§ ASSIGNED TASK
Copy exactly the lines of the data below that run from the line holding "3075 CARPENTER LANDING Landing" through the line holding "Grigio Usata 2012", both ends included.

§ SUPPLIED INFORMATION
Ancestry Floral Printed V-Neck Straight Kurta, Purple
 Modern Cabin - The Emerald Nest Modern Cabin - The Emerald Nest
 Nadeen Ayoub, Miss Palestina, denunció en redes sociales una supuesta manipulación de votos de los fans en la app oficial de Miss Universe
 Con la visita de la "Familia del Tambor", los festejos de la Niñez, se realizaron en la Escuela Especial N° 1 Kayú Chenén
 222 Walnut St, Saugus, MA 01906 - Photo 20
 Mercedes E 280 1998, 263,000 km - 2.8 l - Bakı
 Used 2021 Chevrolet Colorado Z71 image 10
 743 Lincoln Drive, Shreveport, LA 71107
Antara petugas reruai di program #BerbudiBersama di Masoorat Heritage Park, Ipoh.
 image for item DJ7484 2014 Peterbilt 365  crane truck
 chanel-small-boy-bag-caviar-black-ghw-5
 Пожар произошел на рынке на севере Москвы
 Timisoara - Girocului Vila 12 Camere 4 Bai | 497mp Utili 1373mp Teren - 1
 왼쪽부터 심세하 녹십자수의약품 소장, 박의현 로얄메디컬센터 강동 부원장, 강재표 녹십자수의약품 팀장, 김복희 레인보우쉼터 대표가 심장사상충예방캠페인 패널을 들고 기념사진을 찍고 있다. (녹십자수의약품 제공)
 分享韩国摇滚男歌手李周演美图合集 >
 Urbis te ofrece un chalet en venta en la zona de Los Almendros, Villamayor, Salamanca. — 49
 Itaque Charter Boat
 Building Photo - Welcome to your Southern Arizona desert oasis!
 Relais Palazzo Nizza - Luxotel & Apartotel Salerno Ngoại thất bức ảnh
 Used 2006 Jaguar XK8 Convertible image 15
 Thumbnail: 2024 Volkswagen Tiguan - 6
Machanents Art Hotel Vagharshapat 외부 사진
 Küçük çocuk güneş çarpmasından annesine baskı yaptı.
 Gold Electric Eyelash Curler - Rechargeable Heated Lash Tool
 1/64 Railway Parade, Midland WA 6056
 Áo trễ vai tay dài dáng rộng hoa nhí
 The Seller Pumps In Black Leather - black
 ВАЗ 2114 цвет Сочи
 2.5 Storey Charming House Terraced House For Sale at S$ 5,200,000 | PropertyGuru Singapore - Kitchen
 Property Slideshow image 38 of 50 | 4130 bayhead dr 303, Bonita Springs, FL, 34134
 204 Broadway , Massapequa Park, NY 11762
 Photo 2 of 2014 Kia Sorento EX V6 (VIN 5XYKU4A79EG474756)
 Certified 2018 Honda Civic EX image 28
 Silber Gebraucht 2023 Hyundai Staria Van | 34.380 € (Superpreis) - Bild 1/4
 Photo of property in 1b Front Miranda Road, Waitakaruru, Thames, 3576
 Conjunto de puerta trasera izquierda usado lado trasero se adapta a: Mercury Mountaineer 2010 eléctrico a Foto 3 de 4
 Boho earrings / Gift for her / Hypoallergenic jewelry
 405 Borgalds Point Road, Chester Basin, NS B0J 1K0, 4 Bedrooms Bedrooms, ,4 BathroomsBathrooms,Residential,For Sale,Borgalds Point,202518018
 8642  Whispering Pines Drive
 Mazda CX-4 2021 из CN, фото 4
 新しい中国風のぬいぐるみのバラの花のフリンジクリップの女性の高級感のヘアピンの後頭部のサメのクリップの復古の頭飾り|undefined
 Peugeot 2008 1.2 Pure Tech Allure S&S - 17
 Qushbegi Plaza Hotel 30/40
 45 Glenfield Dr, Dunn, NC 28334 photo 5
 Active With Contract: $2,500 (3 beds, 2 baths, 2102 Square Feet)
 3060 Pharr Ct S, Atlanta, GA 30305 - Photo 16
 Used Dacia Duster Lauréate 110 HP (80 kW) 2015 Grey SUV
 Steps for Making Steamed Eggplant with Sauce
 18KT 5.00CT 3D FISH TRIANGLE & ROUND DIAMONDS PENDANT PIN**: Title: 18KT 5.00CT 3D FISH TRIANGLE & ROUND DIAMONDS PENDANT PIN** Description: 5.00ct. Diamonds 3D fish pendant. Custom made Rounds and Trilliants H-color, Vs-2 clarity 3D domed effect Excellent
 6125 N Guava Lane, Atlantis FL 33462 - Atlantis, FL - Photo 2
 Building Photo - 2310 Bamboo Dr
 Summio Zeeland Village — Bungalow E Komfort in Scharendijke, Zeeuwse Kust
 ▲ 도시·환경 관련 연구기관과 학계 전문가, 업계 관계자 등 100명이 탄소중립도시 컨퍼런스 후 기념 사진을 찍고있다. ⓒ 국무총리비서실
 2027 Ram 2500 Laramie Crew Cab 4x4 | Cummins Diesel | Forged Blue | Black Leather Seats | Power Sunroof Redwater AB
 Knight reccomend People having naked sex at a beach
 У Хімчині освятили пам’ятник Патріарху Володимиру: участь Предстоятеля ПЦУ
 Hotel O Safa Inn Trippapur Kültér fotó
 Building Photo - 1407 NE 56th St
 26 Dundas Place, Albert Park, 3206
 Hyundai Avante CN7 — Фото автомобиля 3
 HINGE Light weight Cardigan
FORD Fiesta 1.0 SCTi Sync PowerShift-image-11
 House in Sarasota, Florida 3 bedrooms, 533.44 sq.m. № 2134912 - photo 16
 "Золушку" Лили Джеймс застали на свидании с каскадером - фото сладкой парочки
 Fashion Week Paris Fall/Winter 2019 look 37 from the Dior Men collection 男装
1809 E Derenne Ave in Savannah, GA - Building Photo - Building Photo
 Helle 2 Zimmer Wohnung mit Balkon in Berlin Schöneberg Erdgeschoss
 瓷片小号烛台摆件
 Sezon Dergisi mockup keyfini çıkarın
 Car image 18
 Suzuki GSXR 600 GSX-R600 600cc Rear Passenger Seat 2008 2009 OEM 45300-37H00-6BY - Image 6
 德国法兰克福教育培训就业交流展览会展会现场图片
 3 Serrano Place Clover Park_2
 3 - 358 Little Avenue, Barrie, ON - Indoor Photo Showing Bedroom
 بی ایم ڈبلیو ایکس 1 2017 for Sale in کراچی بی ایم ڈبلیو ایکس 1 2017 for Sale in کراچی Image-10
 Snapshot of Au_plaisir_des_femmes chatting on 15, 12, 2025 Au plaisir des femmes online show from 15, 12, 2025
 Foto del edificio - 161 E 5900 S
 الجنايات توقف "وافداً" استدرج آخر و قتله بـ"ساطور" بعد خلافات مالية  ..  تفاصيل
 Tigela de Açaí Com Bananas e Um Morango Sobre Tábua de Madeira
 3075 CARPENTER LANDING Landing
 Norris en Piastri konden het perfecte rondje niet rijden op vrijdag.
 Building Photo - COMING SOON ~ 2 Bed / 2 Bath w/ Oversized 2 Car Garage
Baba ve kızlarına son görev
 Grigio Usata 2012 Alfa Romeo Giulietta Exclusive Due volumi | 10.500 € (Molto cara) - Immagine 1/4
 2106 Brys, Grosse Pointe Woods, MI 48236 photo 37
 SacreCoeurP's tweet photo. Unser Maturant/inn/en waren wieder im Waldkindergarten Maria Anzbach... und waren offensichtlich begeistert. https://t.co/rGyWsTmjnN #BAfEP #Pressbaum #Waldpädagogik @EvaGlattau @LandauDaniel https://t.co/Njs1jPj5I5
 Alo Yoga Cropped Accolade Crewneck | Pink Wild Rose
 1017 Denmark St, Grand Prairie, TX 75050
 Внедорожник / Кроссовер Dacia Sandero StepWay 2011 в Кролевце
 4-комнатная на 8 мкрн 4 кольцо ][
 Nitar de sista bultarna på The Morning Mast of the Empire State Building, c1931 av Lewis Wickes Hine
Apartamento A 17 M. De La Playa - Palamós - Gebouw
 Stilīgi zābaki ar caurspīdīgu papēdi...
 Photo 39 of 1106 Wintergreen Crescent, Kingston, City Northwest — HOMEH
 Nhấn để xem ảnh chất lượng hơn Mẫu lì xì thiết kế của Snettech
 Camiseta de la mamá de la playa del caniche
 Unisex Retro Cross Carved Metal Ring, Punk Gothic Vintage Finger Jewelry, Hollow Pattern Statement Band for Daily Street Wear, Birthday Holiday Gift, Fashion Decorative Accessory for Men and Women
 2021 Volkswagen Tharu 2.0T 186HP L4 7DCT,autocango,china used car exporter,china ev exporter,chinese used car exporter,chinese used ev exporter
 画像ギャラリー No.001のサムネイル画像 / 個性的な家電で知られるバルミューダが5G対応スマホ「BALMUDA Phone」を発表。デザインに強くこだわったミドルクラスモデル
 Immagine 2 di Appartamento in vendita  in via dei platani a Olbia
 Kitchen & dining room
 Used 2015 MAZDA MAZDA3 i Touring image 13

§ SOLUTION FOR THIS TASK
 3075 CARPENTER LANDING Landing
 Norris en Piastri konden het perfecte rondje niet rijden op vrijdag.
 Building Photo - COMING SOON ~ 2 Bed / 2 Bath w/ Oversized 2 Car Garage
Baba ve kızlarına son görev
 Grigio Usata 2012 Alfa Romeo Giulietta Exclusive Due volumi | 10.500 € (Molto cara) - Immagine 1/4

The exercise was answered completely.